DNA methylation in peripheral blood leukocytes in late onset Alzheimer's disease.

Background: Chronic systemic inflammation is implicated in Alzheimer's disease (AD) pathogenesis and has measurable effects on blood cells. There is increasing interest in non-invasive diagnostic tools that use blood-based biomarkers for AD, such as DNA methylation. Notably, DNA methylation changes in blood are also linked to systemic inflammation. The evaluation of DNA methylation profiles in peripheral blood leukocytes as potential biomarkers for AD is promising.

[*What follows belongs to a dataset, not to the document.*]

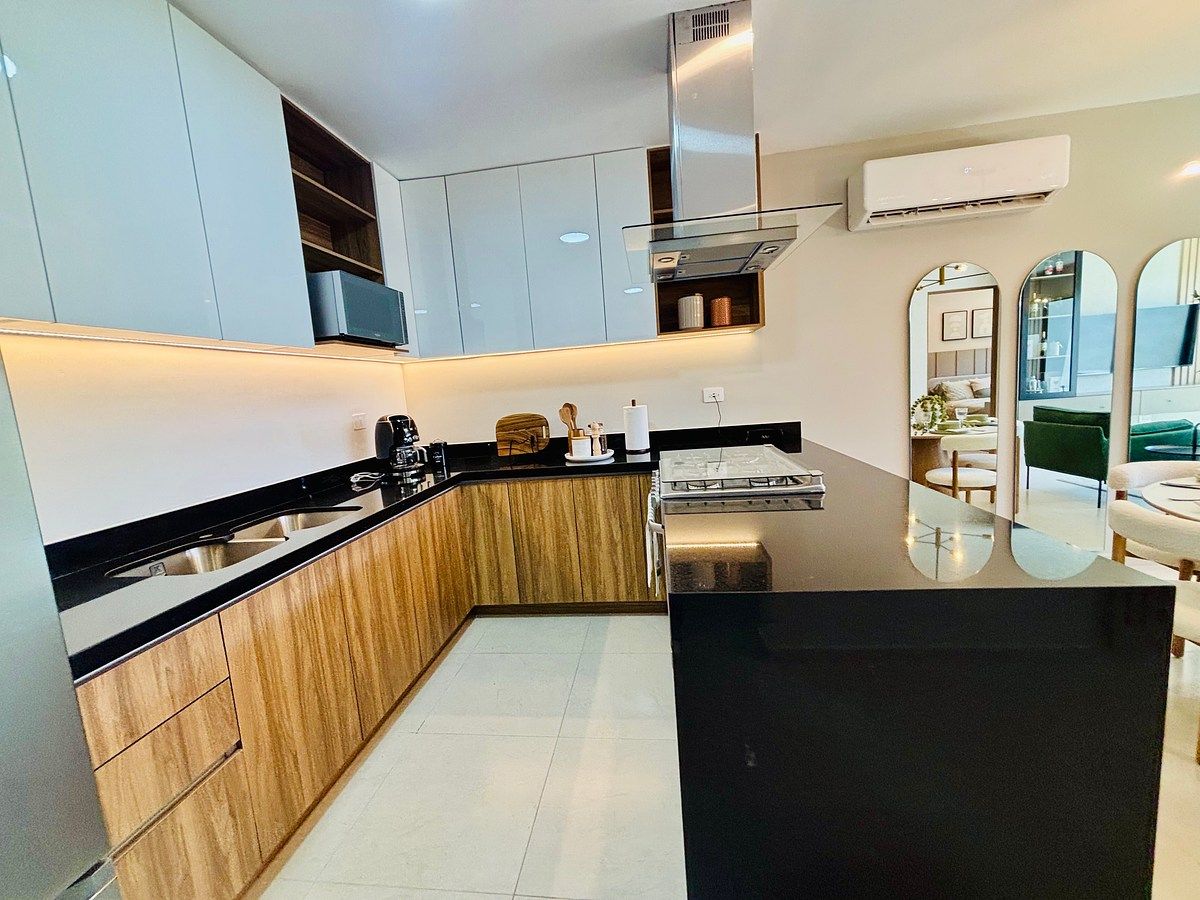 Apartamento em Ziré Citadela, El Marqués, foto 2 de 16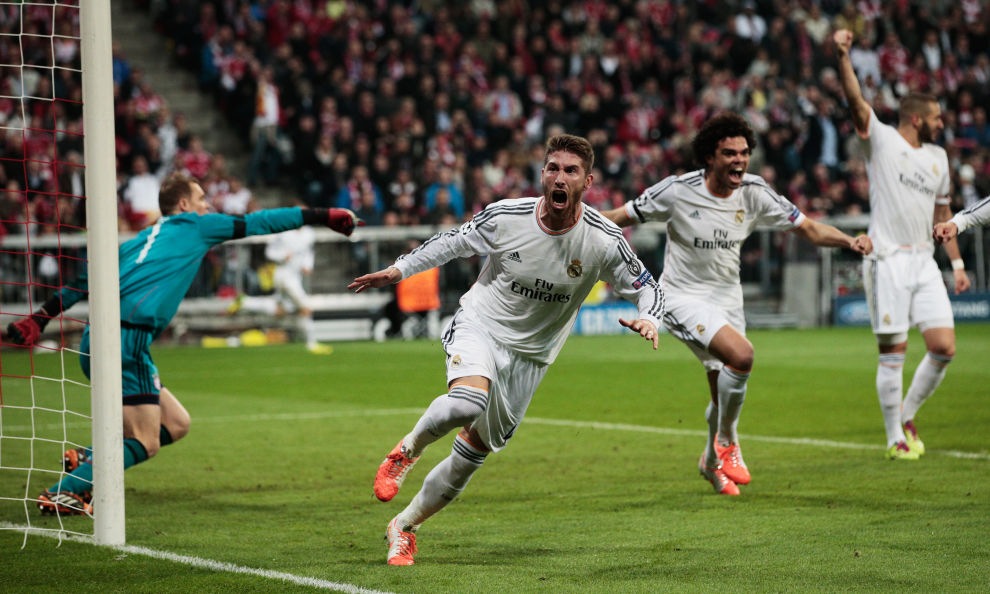 Champions League, coppa al Real vale 1,55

Objective: To determine DNA methylation patterns in blood for AD, and to explore specific blood CpG sites that act as surrogates for brain-tissue methylation.

Methods: DNA methylation data from peripheral blood leukocytes of AD patients and controls were obtained from the Gene Expression Omnibus (GSE59685 and GSE53740). Differential methylation analysis was performed for individual CpGs Differentially methylated positions (DMPs) and regions with multiple probes (DMRs) and the intersection analysis of DMPs and DMRs was conducted. Functional enrichment analysis highlights relevant biological processes. Furthermore, previously validated specific CpGs used as surrogate of brain tissue were explored.

Results: DNA methylation patterns included BTBD3, PGPEP1L, DUSP29, and MIB2 top genes ordered by statistical significance were found in the intersection of DMP and DMR. Differential methylation analyses revealed differentially methylated genes including HOXA-AS3, HOXA6, CACNA1A, KMT5A, MIDEAS, FAM234A, and KATNBL1P6. Gene enrichment analysis showed immune processes and intracellular signaling disruptions. Surrogate genes from brain found differentially methylated were PCDHGB1-3 and PCDHGA1-6.

Conclusions: This study identified DNA methylation patterns in peripheral blood leukocytes as potential biomarkers for AD. These findings offer insights into epigenetic mechanisms associated with systemic peripheral inflammation in AD.